* [WHAT THE TASK ASKS]:
From the material below, return exactly the lines starting at the one that holds "Saint Laurent Okulary" and ending at the one that holds "113 Upper Turon Road, Sofala NSW 2795". Pictures stay out of the answer.

* [EXTRACTED ENTRIES]:
• • • • •
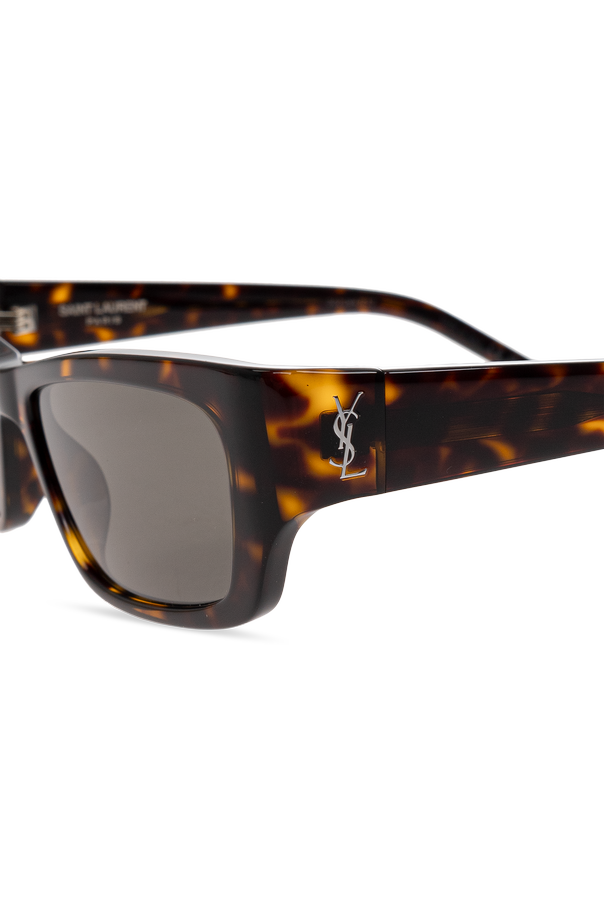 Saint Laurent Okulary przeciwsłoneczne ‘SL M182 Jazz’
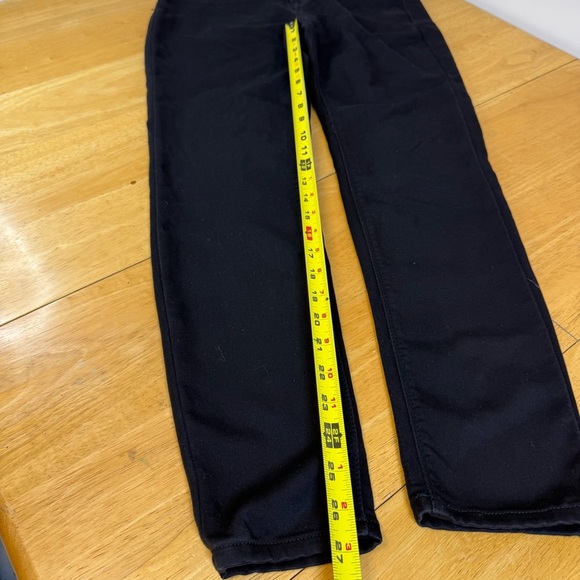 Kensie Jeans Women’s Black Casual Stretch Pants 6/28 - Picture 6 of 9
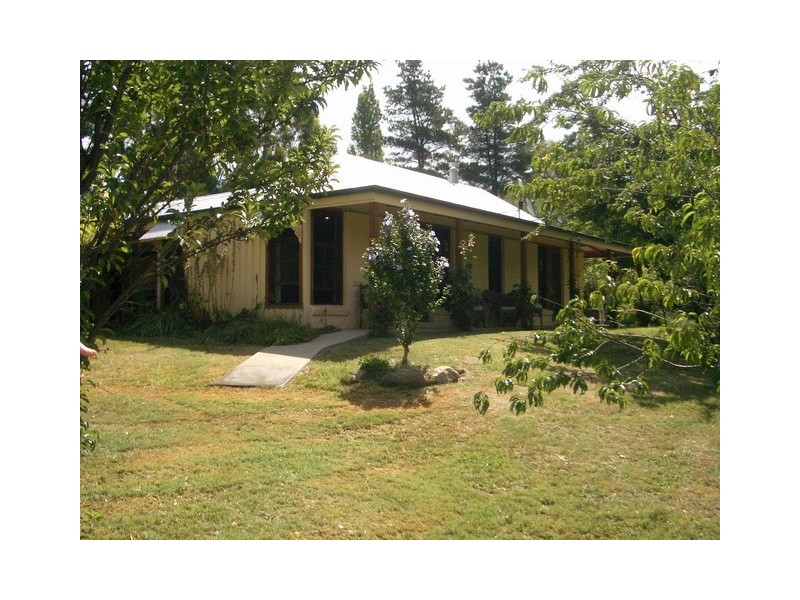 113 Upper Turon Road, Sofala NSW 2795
• • • • •
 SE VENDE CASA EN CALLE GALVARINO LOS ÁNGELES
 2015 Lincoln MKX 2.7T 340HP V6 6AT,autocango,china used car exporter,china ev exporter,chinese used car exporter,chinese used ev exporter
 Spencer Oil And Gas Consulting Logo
• • • • •
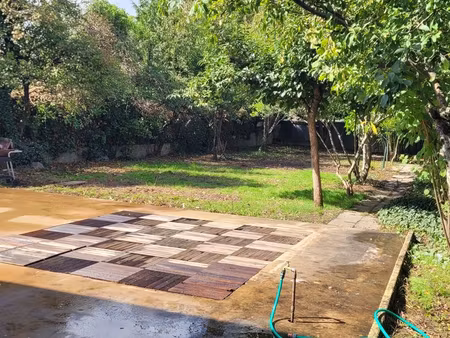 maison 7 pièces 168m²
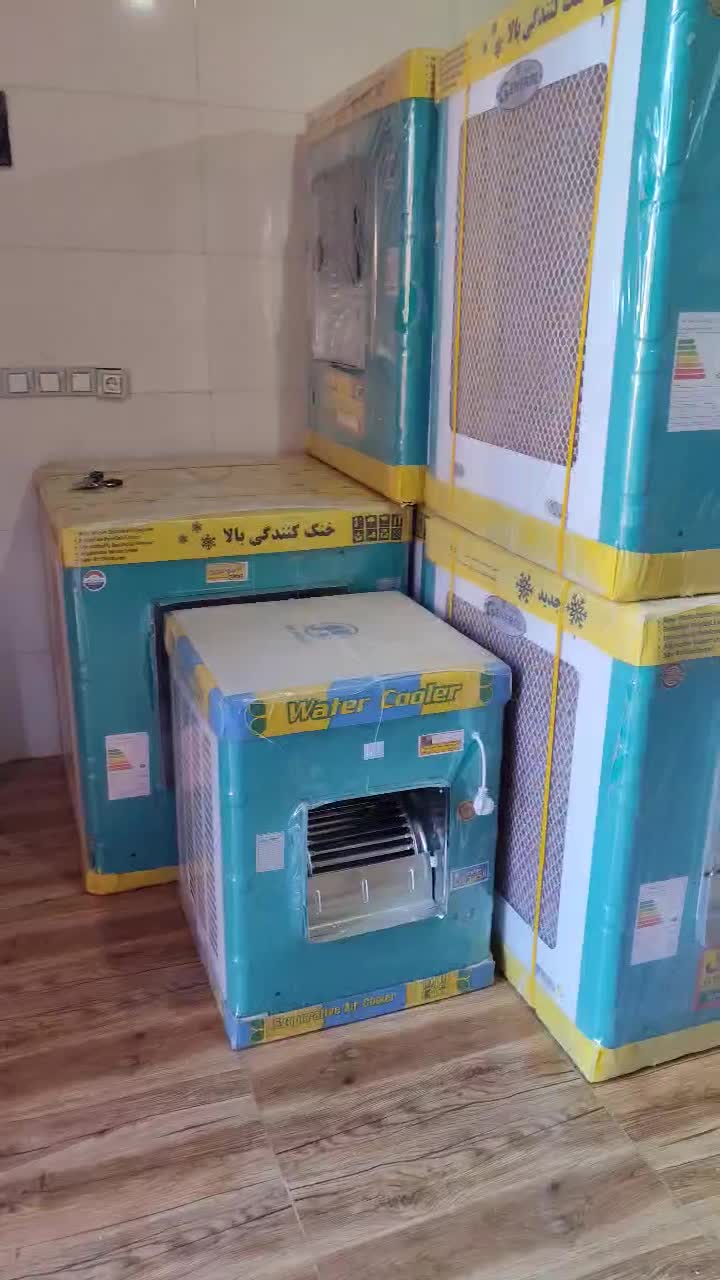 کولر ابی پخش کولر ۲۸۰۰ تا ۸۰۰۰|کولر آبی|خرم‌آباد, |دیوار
• • • • •
* [SOLUTION BELOW]:
 Saint Laurent Okulary przeciwsłoneczne ‘SL M182 Jazz’
 Kensie Jeans Women’s Black Casual Stretch Pants 6/28 - Picture 6 of 9
 113 Upper Turon Road, Sofala NSW 2795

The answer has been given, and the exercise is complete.